** Short descriptive text snippets **
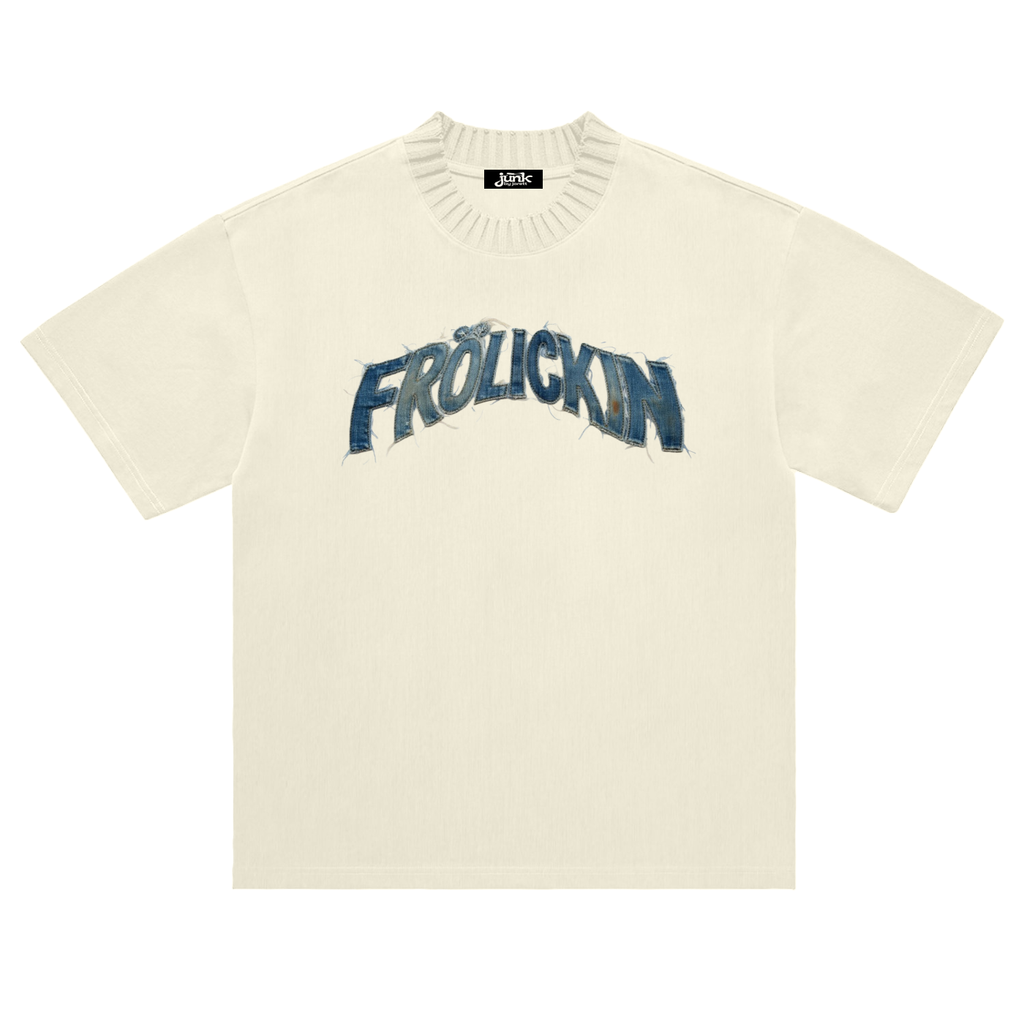 denim’d logo knitted round neck tee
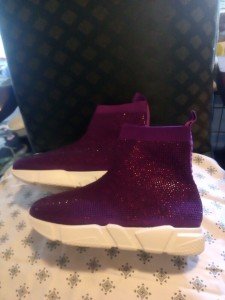 Ladies Purple Sparkly Tenny Shoes - Unbranded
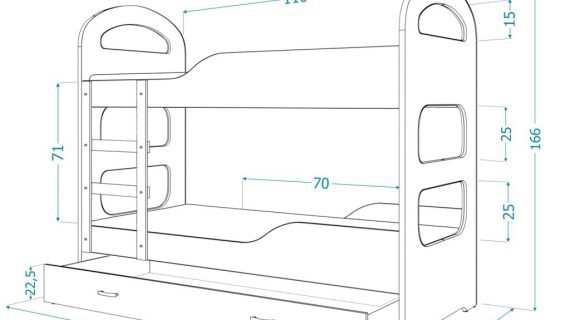 Miniaturka 14 - Aranżacja dziecięcego łóżka piętrowego z rysunkiem technicznym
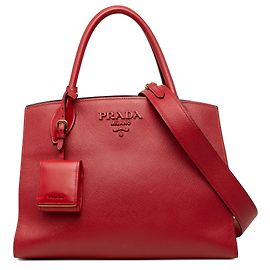 Prada Red Medium Saffiano Cuir Monochrome Top Handle Tote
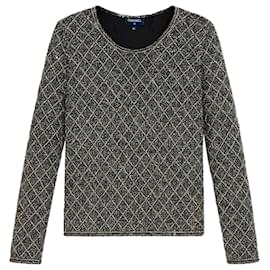 Chanel Pailletten Top Silber Langarm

** THE PROBLEM **
Leave out any pictures, please, and quote only the lines from the top of the data through the line that contains "Prada Red Medium".

** SOLUTION TO THIS EXERCISE **
 denim’d logo knitted round neck tee
 Ladies Purple Sparkly Tenny Shoes - Unbranded
 Miniaturka 14 - Aranżacja dziecięcego łóżka piętrowego z rysunkiem technicznym
 Prada Red Medium Saffiano Cuir Monochrome Top Handle Tote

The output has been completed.